▶ _MATERIAL FOR THE TASK_:
---+---
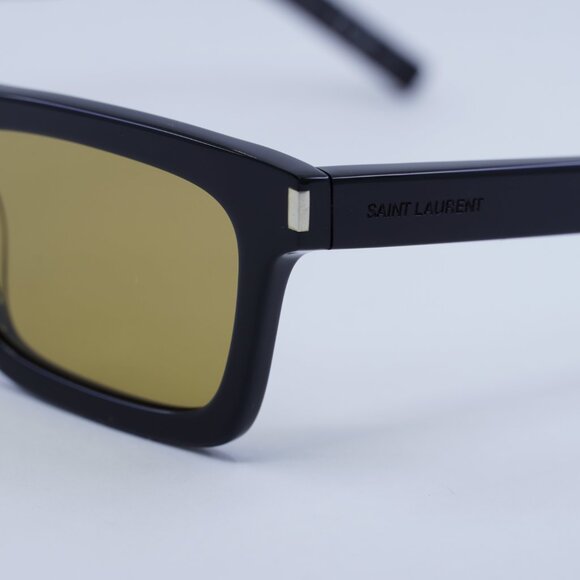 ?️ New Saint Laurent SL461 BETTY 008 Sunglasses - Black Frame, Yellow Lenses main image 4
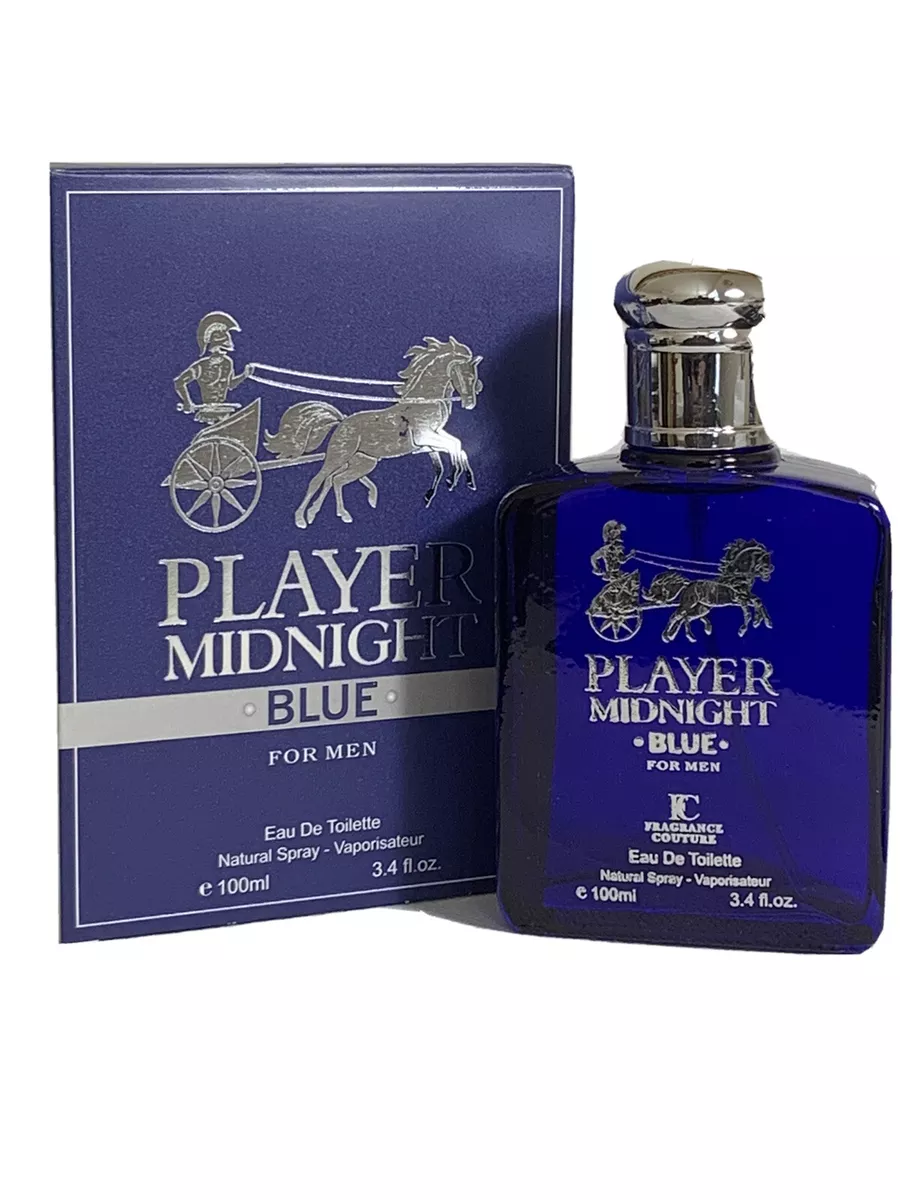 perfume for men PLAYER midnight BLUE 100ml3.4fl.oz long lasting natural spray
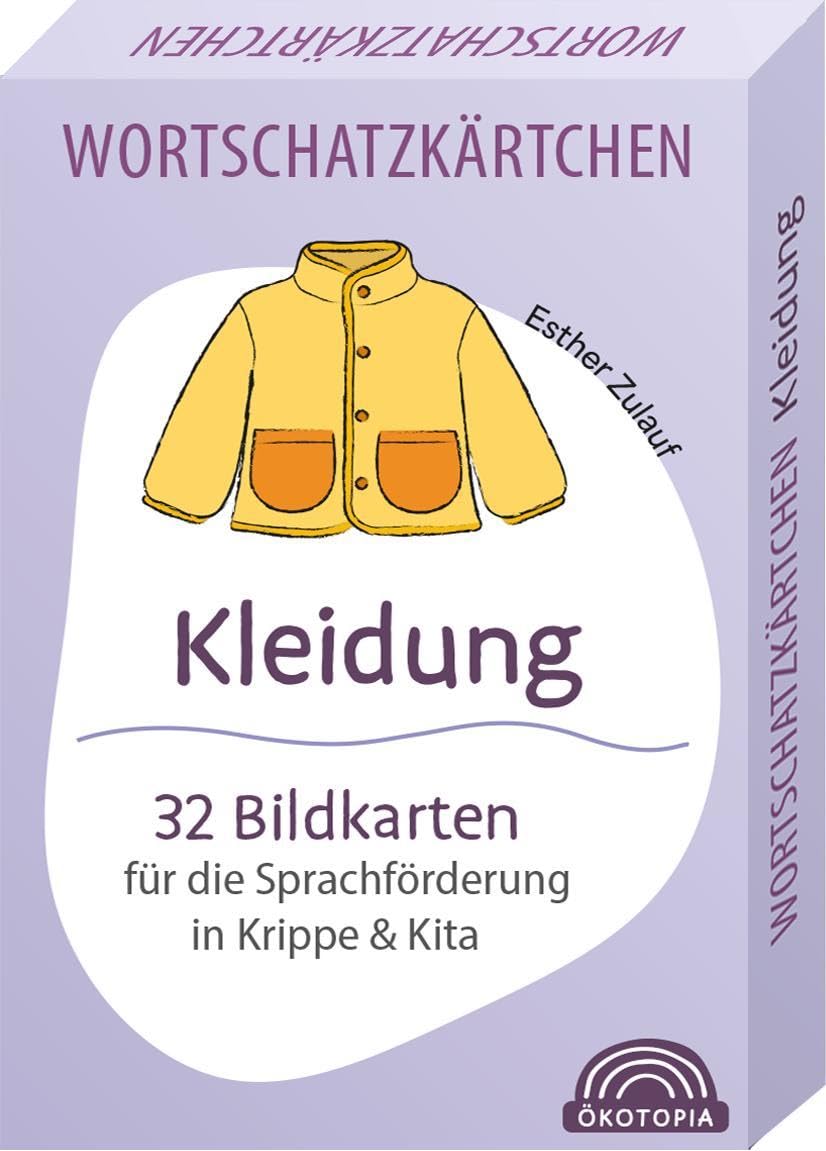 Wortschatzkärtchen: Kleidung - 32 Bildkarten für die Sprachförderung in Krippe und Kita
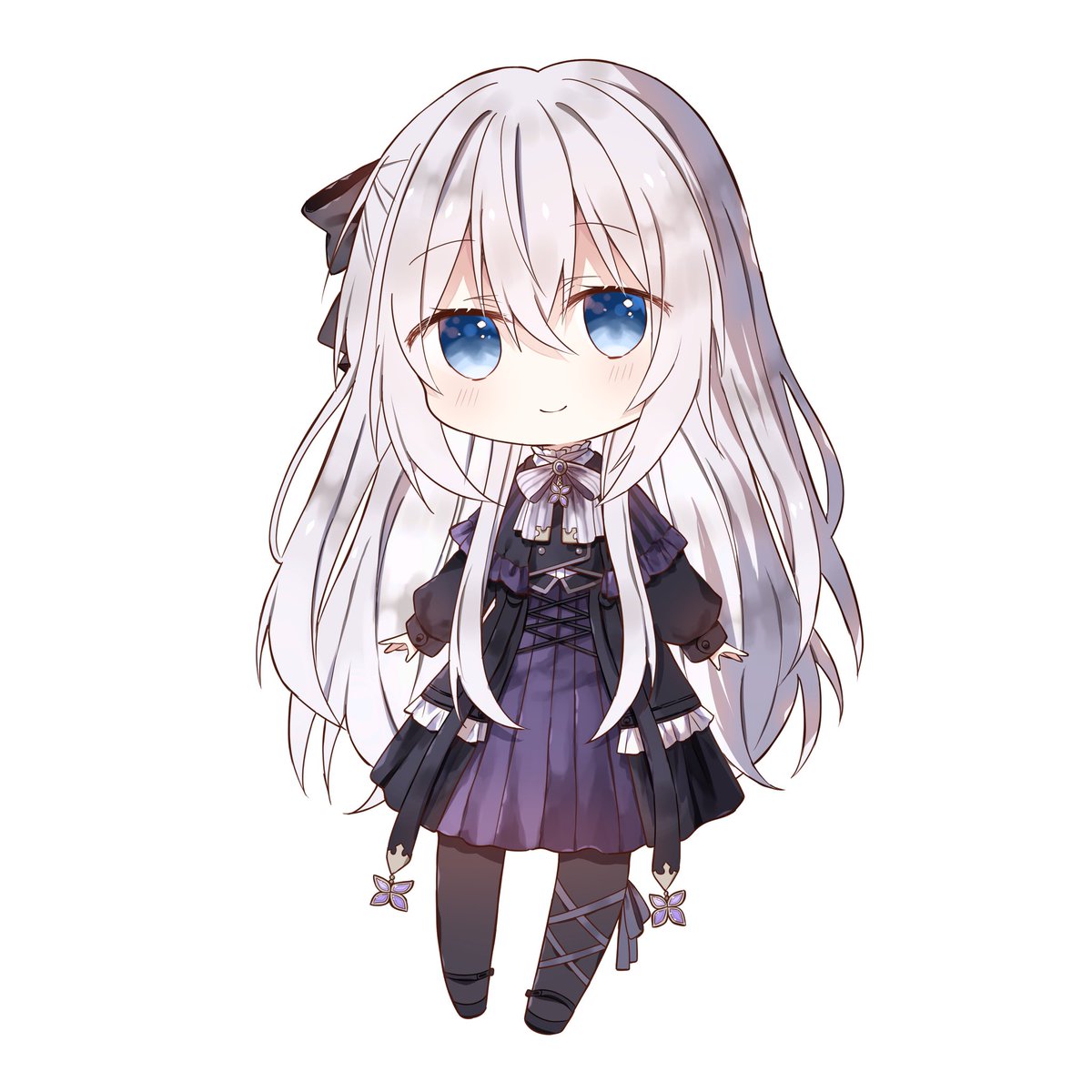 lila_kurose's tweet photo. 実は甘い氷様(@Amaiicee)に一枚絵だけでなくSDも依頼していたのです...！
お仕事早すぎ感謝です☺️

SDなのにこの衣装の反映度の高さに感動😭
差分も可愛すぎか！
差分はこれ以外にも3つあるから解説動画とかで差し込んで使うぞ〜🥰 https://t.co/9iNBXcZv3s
---+---
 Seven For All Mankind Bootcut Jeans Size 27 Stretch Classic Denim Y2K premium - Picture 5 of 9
---+---
Among the entries above, copy exactly the stretch from the line holding "main image 4" through the line holding "差分はこれ以外にも3つあるか", leaving out any pictures.

▶ _ANSWER TO THIS TASK_:
 ?️ New Saint Laurent SL461 BETTY 008 Sunglasses - Black Frame, Yellow Lenses main image 4
 perfume for men PLAYER midnight BLUE 100ml3.4fl.oz long lasting natural spray
 Wortschatzkärtchen: Kleidung - 32 Bildkarten für die Sprachförderung in Krippe und Kita
 lila_kurose's tweet photo. 実は甘い氷様(@Amaiicee)に一枚絵だけでなくSDも依頼していたのです...！
お仕事早すぎ感謝です☺️

SDなのにこの衣装の反映度の高さに感動😭
差分も可愛すぎか！
差分はこれ以外にも3つあるから解説動画とかで差し込んで使うぞ〜🥰 https://t.co/9iNBXcZv3s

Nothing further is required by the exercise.